- WHAT IS NEEDED -
Please retype all of the entries that follow, leaving the images out.

- RECORDS SHOWN -

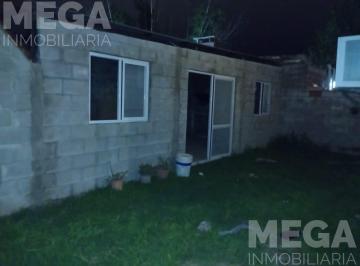 Casa · 200m² · 2 Ambientes · 1 Cochera · Newbery y Artigas. Casa en Venta. 2 Dorm.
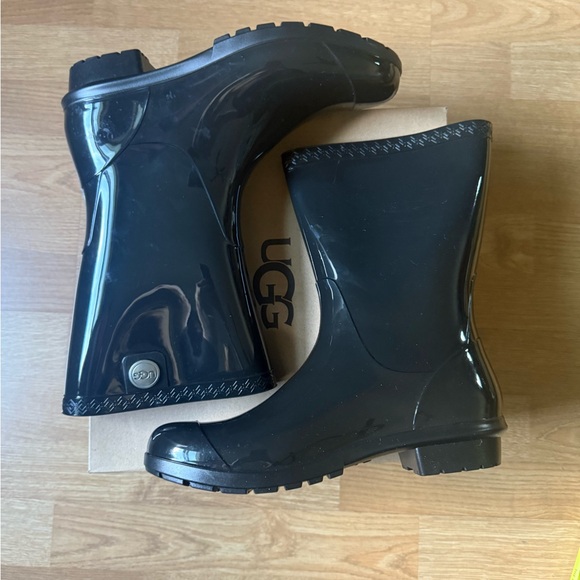 UGG Black Winter Rain Boots - Picture 6 of 11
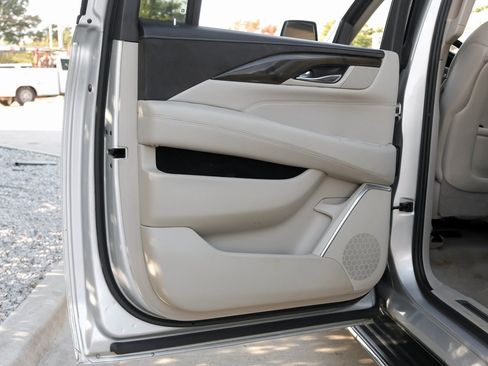 Used 2020 Cadillac Escalade ESV Luxury image 40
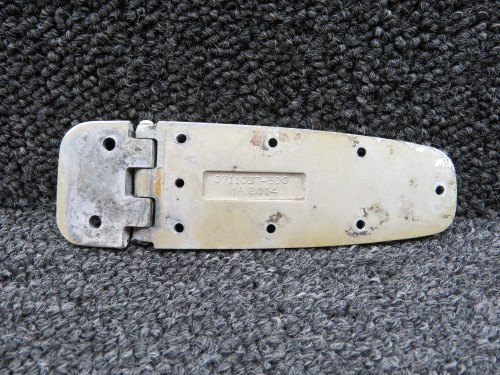 0711037-18, 0711037-20 Cessna 205 Cabin Door Lower Hinge Assembly RH
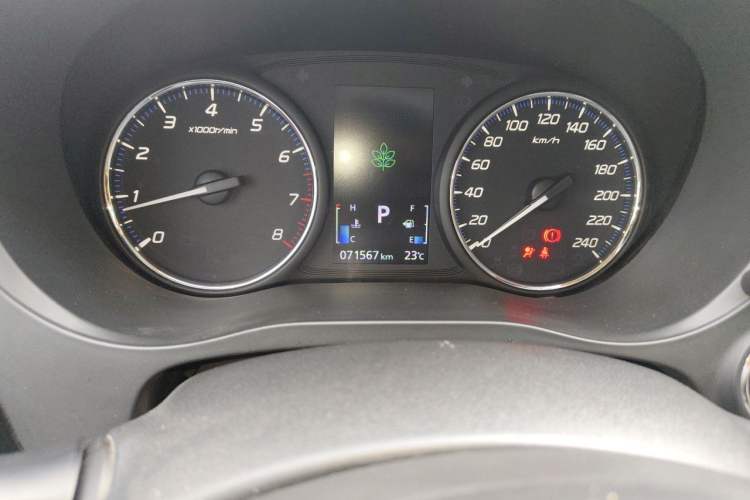 Used Mitsubishi Outlander 2019 2.0L Two-Wheel Drive Comfort Edition 5 Seats China VI Standard Odometer Close Up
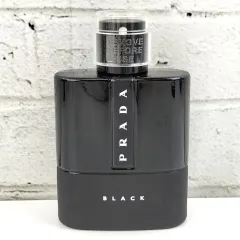 2026年最新】プラダ ルナロッサ ブラックの人気アイテム - メルカリ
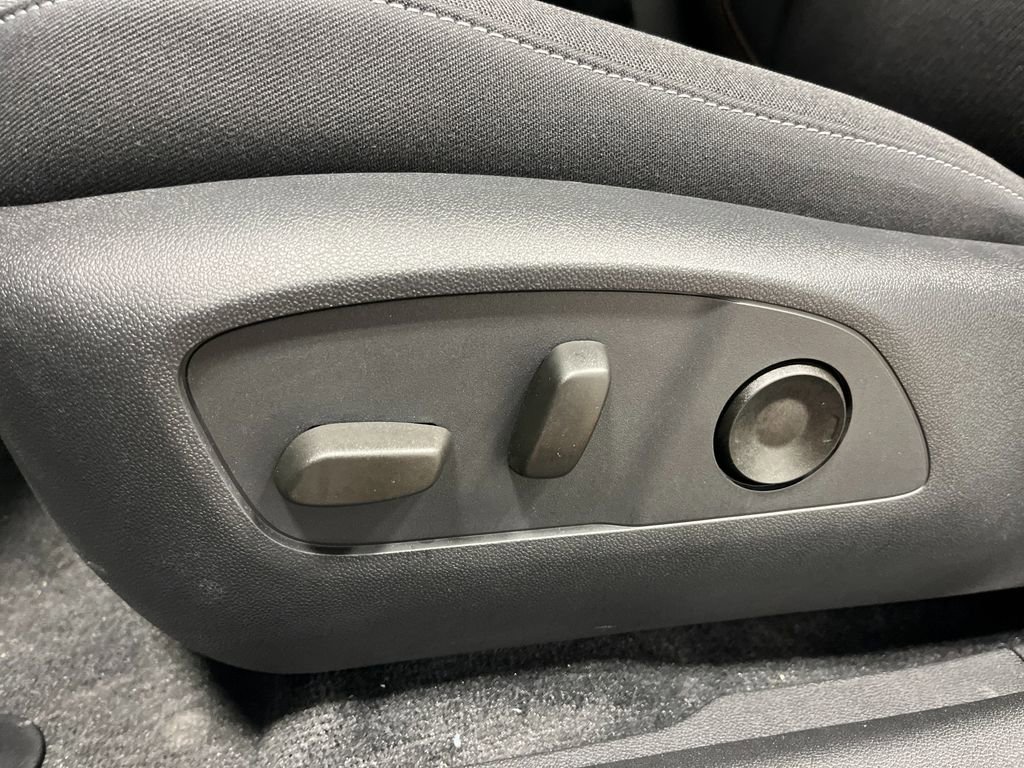 New 2025 Honda Prologue EX image 19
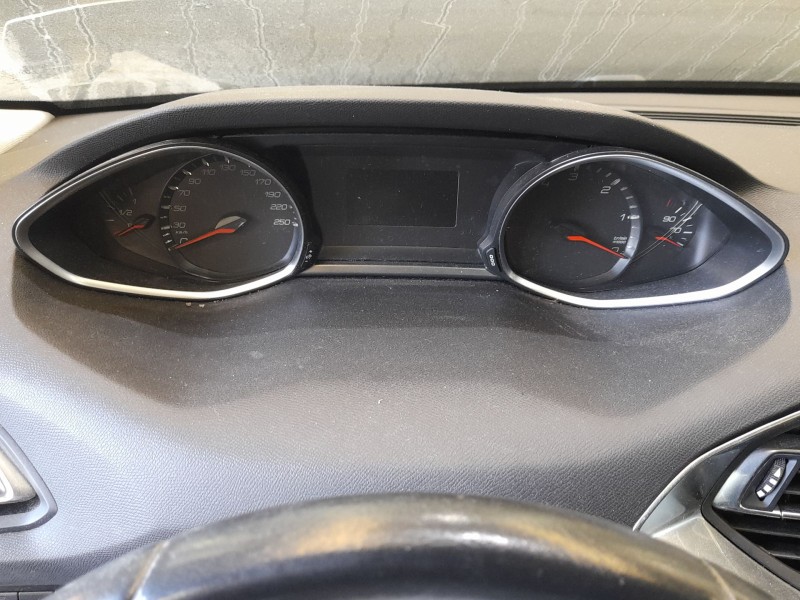 Recambio de cuadro instrumentos para peugeot 308 ii (lb_, lp_, lw_, lh_, l3_) 1.6 bluehdi 120 referencia OEM IAM 9822774780  
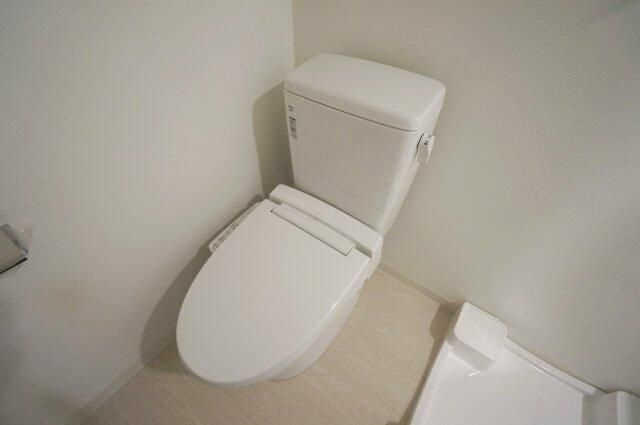 ヴォーガコルテ蒲田南のトイレ|棚収納と温水洗浄便座月のトイレ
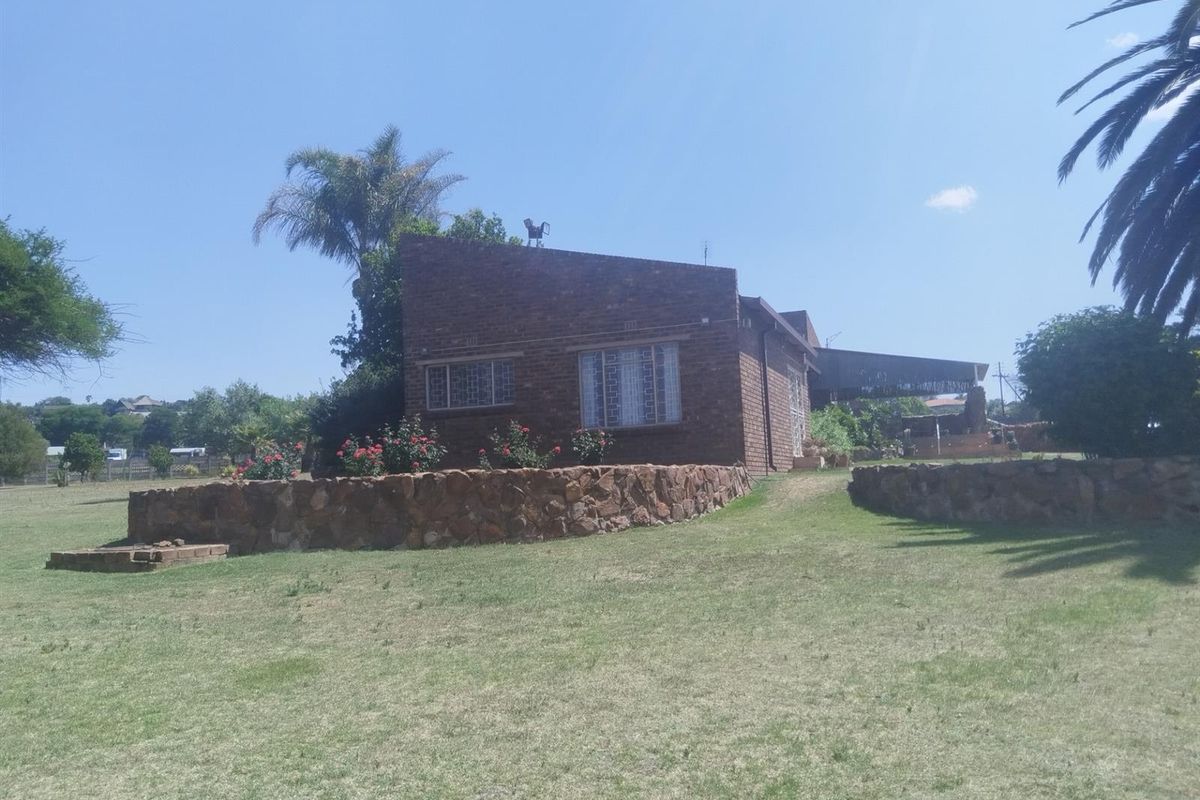 Farm For Sale in Hoeveld Park, Witbank - Photo 5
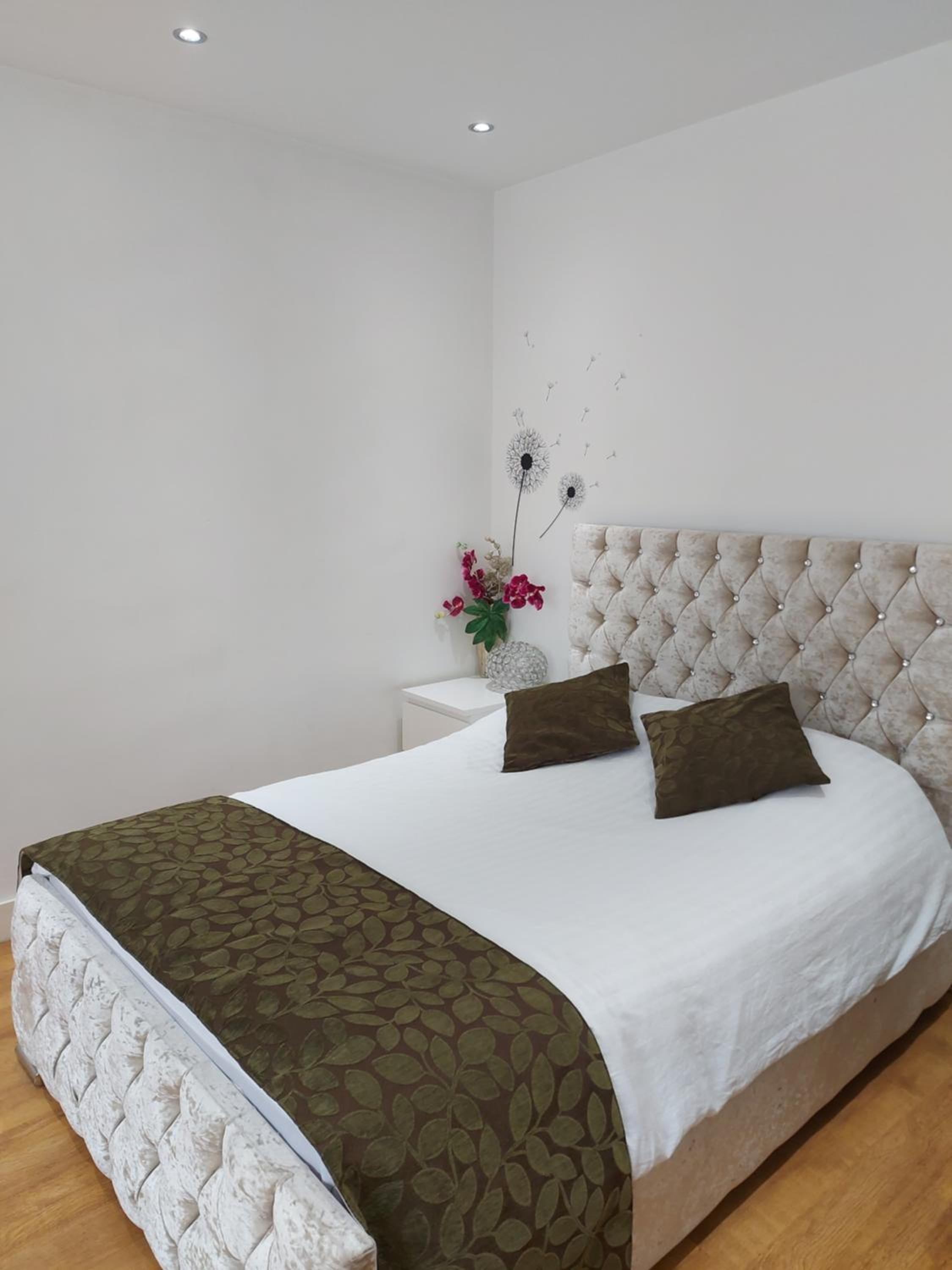 One-Bedroom Apartment - Photo 8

- SOLUTION -
 Casa · 200m² · 2 Ambientes · 1 Cochera · Newbery y Artigas. Casa en Venta. 2 Dorm.
 UGG Black Winter Rain Boots - Picture 6 of 11
 Used 2020 Cadillac Escalade ESV Luxury image 40
 0711037-18, 0711037-20 Cessna 205 Cabin Door Lower Hinge Assembly RH
 Used Mitsubishi Outlander 2019 2.0L Two-Wheel Drive Comfort Edition 5 Seats China VI Standard Odometer Close Up
 2026年最新】プラダ ルナロッサ ブラックの人気アイテム - メルカリ
 New 2025 Honda Prologue EX image 19
 Recambio de cuadro instrumentos para peugeot 308 ii (lb_, lp_, lw_, lh_, l3_) 1.6 bluehdi 120 referencia OEM IAM 9822774780  
 ヴォーガコルテ蒲田南のトイレ|棚収納と温水洗浄便座月のトイレ
 Farm For Sale in Hoeveld Park, Witbank - Photo 5
 One-Bedroom Apartment - Photo 8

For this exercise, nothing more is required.